EMILIO PRINI, "Untitled", 13,5 x 8 x 5 cm, 250 ml olive oil can, punctured, 2011.
EMILIO PRINI
Untitled, 13,5 x 8 x 5 cm, 250 ml olive oil can, punctured, 2011.
Emilio Prini (b. 1938 - d. 2016) has created two works for Due Leoni. The first, in 2011, is the result of an initial request to create an olive oil edition, which was met, over many months of negotiation, with the proposal to hammer nails into a 250 ml green metal can. The result, artistically a reference to Lucio Fontana, or Yoko Ono’s Painting to Hammer a Nail In, is of utmost beauty, but utterly unusable. It’s almost a sort of challenge to the farmer himself. At the same time, and as if to reward the patience of curator Cornelia Lauf, Prini allowed only one, precious, piece to be completed. This unique version was punctured repeatedly with hammer and nail, under the supervision of the artist.
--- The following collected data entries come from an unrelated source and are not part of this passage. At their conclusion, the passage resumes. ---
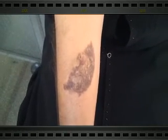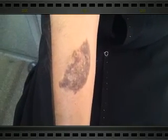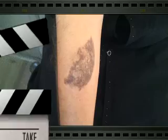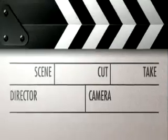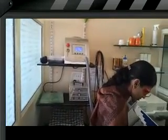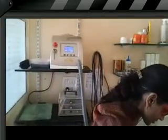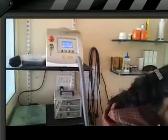Now we are going to do the third sitting of YAG laser. This is the RY280 laser. We are going to do the YAG laser treatment of the Becker's nevus.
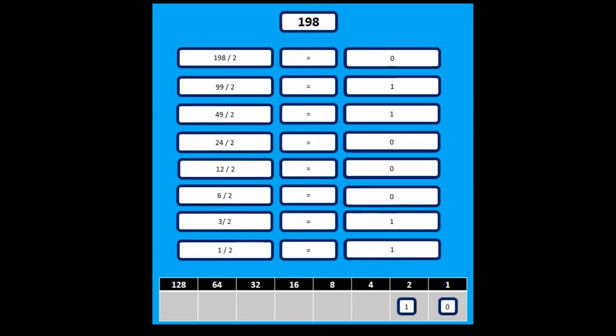You see we've got 0, 1, 1, 0, 0, 0, 1, 1. If you add them up, you'll see it gets to 198.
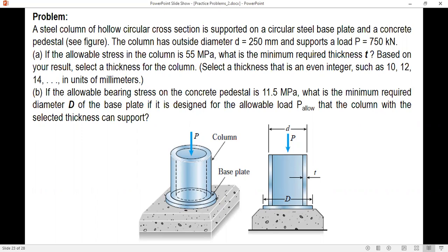For letter A: if the allowable stress in the column is 55 megapascals, what is the minimum required thickness t? Select a thickness that is an even number such as 10, 12, 14, and so on in millimeters. For letter B: if the allowable bearing stress on the concrete pedestal is 11.5 megapascals, what is the minimum required diameter d of the base plate, designed for the allowable load that the column with the selected thickness can support?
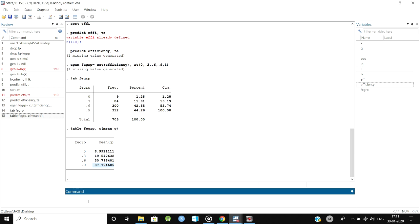In a similar way, whatever data you are going to use, you can use this technical efficiency and estimate how efficient they are and how much they are yielding from it. This is a small, easy method of measuring the technical efficiency. Thank you guys for watching the video. If you have any doubts, you can just comment. Thank you, thanks a lot.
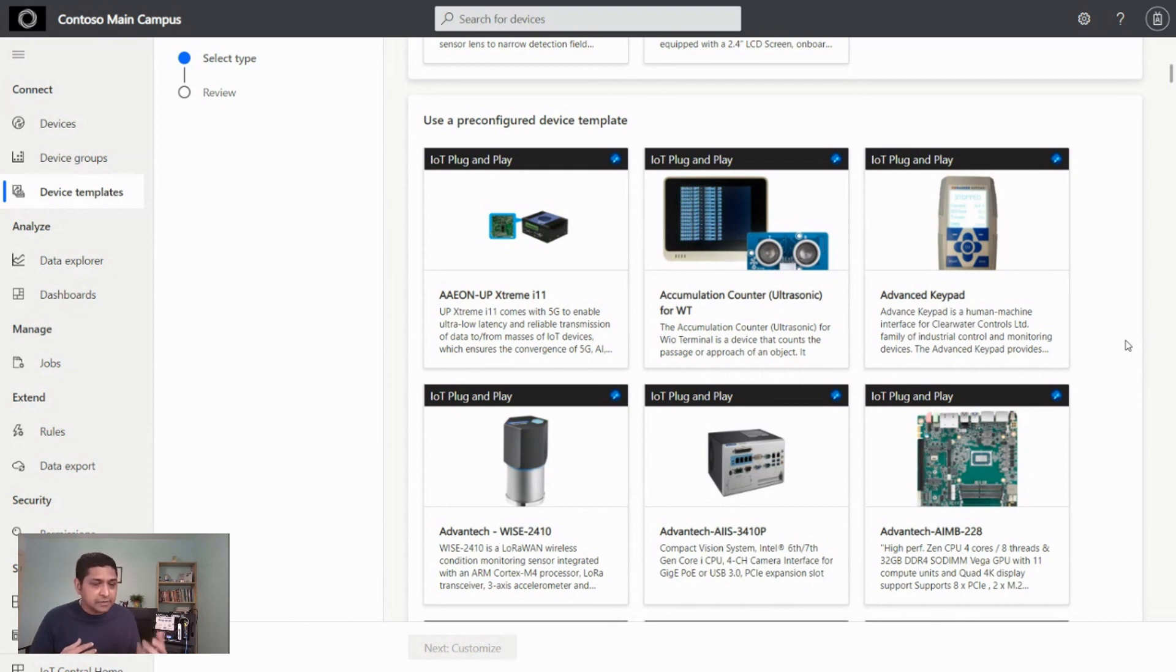The other thing I'll call out is you can connect a range of devices. You have a simple ESP32 device that you can connect here, or you can connect a fairly complex device, like the one behind me, which is a Moxa gateway, in the industrial setup.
A second edition for Due Leoni was created with Emilio Prini, in exchange for twenty liters of our finest extra virgin olive oil. What was meant to be a new and unlimited edition took over two years to produce (finished in 2012), and is, once again, a unique piece. It consists of a copper bar, or standard measure, one meter, sourced by Veronica Bellei, and signed by the artist, which rests on two identical green 5-liter cans of olive oil. Dionysia Drakou, Jessica Murtha, and Martha Carillo Cardenas assisted from time to time. Here, Prini was teasing his long-time and deceased friend, Mario Merz, who created a work with neon and olive oil can, many decades earlier. The merciless game that is art. Pictured, the signed copper bar, 1 meter, which curator Cornelia Lauf brought to her lecture at Palazzo Altemps and leaned against a famous sarcophagus, in 2013.